Figure 6.1: Community composition at BUL-01/MOR37 in 2004, 2018, and 2025. Historical data (2004, 2018) are single CABIN kick-net samples from the open data archive; the 2025 value is the mean of three replicate samples collected in this study.


6.2 Metrics Summary

my_caption <<- "Key community metrics at BUL-01/MOR37 across three sampling events. Historical data (2004, 2018) are single CABIN kick-net samples; 2025 values are means of three replicates."
my_tab_caption(tip_flag = FALSE)
Table 6.2: Key community metrics at BUL-01/MOR37 across three sampling events. Historical data (2004, 2018) are single CABIN kick-net samples; 2025 values are means of three replicates.
temporal |>
  dplyr::transmute(
    Year,
    Source = source,
    Study = dplyr::case_when(
      Year == 2004 ~ "BC MOE-FSP Skeena Region",
      Year == 2018 ~ "BC-Wet'suwet'en ESI",
      Year == 2025 ~ "This study"
    ),
    Taxa = n_taxa,
    `% EPT` = round(pct_ept, 1),
    `% Ephemeroptera` = round(pct_eph, 1),
    `% Plecoptera` = round(pct_ple, 1),
    `% Trichoptera` = round(pct_tri, 1),
    `% Chironomidae` = round(pct_chir, 1)
  ) |>
  my_dt_table(page_length = 5, cols_freeze_left = 2)


The two historical CABIN samples at MOR37 showed Ephemeroptera-dominated communities with high EPT (mayflies, stoneflies, and caddisflies) relative abundance (Figure 6.1; Table 6.2).
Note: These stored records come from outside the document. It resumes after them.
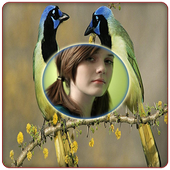 Birds Photo Frames icon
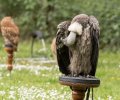 wildpark frankenhof 2019 wildpark frankenhof 2019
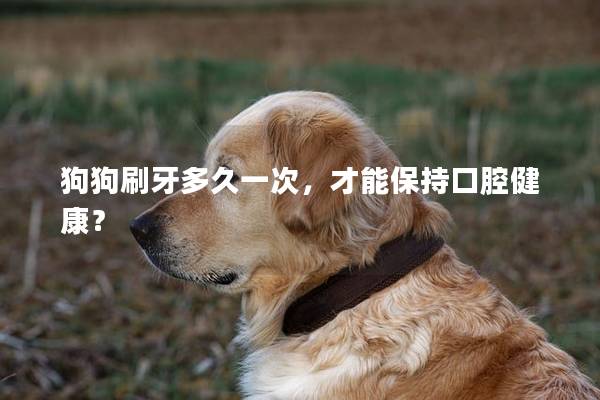 狗狗刷牙多久一次，才能保持口腔健康？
The 2025 BUL-01 community showed a notably different structure: lower EPT, substantially higher Trichoptera (dominated by Hydropsychidae collector-filterers), and elevated Chironomidae.


These comparisons should be interpreted cautiously. Although all three sampling events were within 49 m of each other, seasonal timing varied substantially — from August 13 (2018) to September 10 (2004) to October 3 (2025) — and differences in invertebrate phenology across this nearly two-month window could influence community composition independent of any change in site condition. The two historical samples were collected under different CABIN studies with potentially different subsampling and taxonomic resolution protocols, and each is a single unreplicated sample — limiting the strength of temporal inferences. Our 2025 data, with triplicate sampling, provide a more robust snapshot of current conditions but are not directly comparable to single unreplicated CABIN samples. Whether the compositional differences between years reflect real temporal change, interannual variability, or methodological differences can only be resolved through continued standardized monitoring at this location.